Image Credit: Shutterstock
SUPERFORTUNE AI said it is investigating a security incident involving its GUA token after funds meant for an airdrop-related transfer were sent to a different address during a multisignature transaction on May 27.
The project said the destination address may have been altered during execution. It also said the incident triggered severe price volatility in GUA.
May 27 Multisig Transfer Sent GUA Elsewhere
SUPERFORTUNE said the transfer was supposed to send additional unlocked tokens to an airdrop claim contract. Instead, the funds were routed to another address believed to be controlled by an attacker.
An early review pointed to possible address manipulation in the multisig flow rather than a confirmed exploit in the GUA token contract itself. That distinction matters because the project has not yet said the token contract was compromised.
Address Poisoning Appears Less Likely
SUPERFORTUNE said the suspicious destination address had no prior interaction with SUPERFORTUNE-related wallets.
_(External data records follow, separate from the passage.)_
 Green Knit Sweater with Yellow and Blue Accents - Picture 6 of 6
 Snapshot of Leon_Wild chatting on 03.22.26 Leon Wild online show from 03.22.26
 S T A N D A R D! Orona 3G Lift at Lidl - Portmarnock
That made a standard address-poisoning explanation less likely, according to the project’s early review.
The team also said it already uses multiple address-verification checks in its multisig process. Those controls did not stop the wrong transfer from going through, leaving open questions about whether the problem came from compromised tooling, operational error or a deeper attack path inside the multisig workflow.
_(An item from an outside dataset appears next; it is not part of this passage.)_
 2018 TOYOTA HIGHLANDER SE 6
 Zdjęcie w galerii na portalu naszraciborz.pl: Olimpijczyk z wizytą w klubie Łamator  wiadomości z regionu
GUA Falls After Reported 15M-Token Dump
The market reaction was sharp. GUA fell more than 60% on the day, with market trackers describing the selloff as one of the token’s steepest since launch.
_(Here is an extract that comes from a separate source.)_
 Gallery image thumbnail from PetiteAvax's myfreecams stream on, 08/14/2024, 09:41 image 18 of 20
Some market reports said 15 million GUA were dumped over nine hours and linked the move to a price drop of about 75%. SUPERFORTUNE has not yet confirmed the full amount involved or whether any of the diverted funds can still be recovered.
Multisig Cause Remains Unresolved
For now, the core issue is still under investigation. SUPERFORTUNE has not confirmed whether the transfer was caused by address tampering, compromised tools, signer error or another weakness in the multisig process.
Until the team publishes a fuller postmortem, the incident remains an active investigation rather than a settled exploit narrative.
The immediate risk for GUA holders is uncertainty. The project says it is investigating the wrong-address transfer, while the market is still reacting to the possibility that a multisig workflow failure allowed tokens intended for an airdrop contract to be redirected elsewhere.